The second image (Img_4736.jpg) is the 70-200, shot at 70mm, F4, 1/80th, 200 ISO, 0 EV.

As you can see, in both sets, there's a difference in the angle of view - not necessarily good or bag, but different. So, I can come up with two explanations for what I'm seeing, but I'm hoping someone can shed more light on this.

1. The difference can be explained by the fact that lens manufacturers paint numbers on the lenses which are approximations of the focal length, and two lenses of different design will inevitably have a different length (or angle of view) even at what's nominally the same setting.

or

2. This is the optical result of the difference in physical length between the 24-70 and the 70-200 lenses. At 70mm, the 24-70 is about 3 inches shorter than the 70-200. Because in both tests I tried to keep the focal plane of the image sensor more or less in the same place (roughly in the handheld setting, exactly when it was on the tripod), the front element of the 70-200 was always closer to the subjects, thereby shifting the scene.

My question to the collective wisdom of folks: Are either or both of these explanations accurate, or is there something else at play here? And also, what might explain the approximately 1/3 stop difference that the camera's choosing between shutter speed when it's working with the different lenses? Is this also due to the front element being closer to the subject (that whole "light falling off at the square of its distance" thingy I learned and forgot in my college photography class so long ago?)

Looking forward to learning from others here...


----------



## friedrice1212 (Jan 5, 2013)

It could be the reasons you listed, but it could also be the fact that the same distance from the subject is not at the same spot on the lenses' focussing distances. On the 24-70 it might be at halfway between macro and infinity but on the 70-200 it will surely be closer to its closest focussing distance. And because of focus breathing, the angle of view changes. I don't know how much either of the lenses breathe, but the Nikon 70-200 gives an angle of 135mm at 200mm and closest focussing so there's lots of room for imprecision.


----------



## RS2021 (Jan 5, 2013)

This effect is rather common... You will find this on the 70 end of the new 24-70 f2.8 II when you compare it to the old 24-70mm 2.8 with one framing very slightly wider.

The company designated numbers may still be correct optically, but I really dont know how that works. But this apparent variable framing is not something unheard of. 

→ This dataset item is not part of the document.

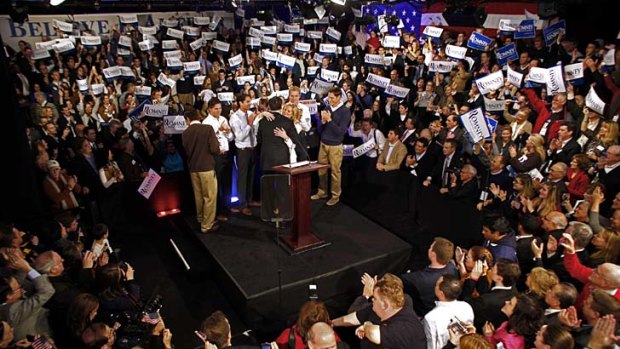 Victory night in New Hampshire for an elated Mitt Romney, surrounded by his family and a crowd of supporters at Southern New Hampshire University, Manchester.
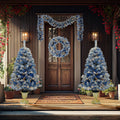 Blue flocked entrance trees and wreath on a porch at dusk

Go to this clip for a comparison...he reviews the two versions side by side, but this FOV comparison at 70mm happens around 4:37 mins into the clip...so fast forward 

http://m.youtube.com/watch?v=rarKH78ObYw


----------



## sanj (Jan 5, 2013)

You bring up an interesting point. I will make tests as well!
Thank you


----------



## scottkinfw (Jan 5, 2013)

In both instances, the image on the lower pic is larger. Did you measure from the focal plane of the camera?


----------



## traveller (Jan 5, 2013)

1) All lenses are measured at infinity focus; most of what we call zoom lenses suffer from focus breathing, whereby the focal length changes as you change the focus: internally zooming lenses (i.e those with rear focus groups) are the worst culprits (actually, _true_ zooms are parfocal). Try repeating your experiment with each lens focussed at infinity. 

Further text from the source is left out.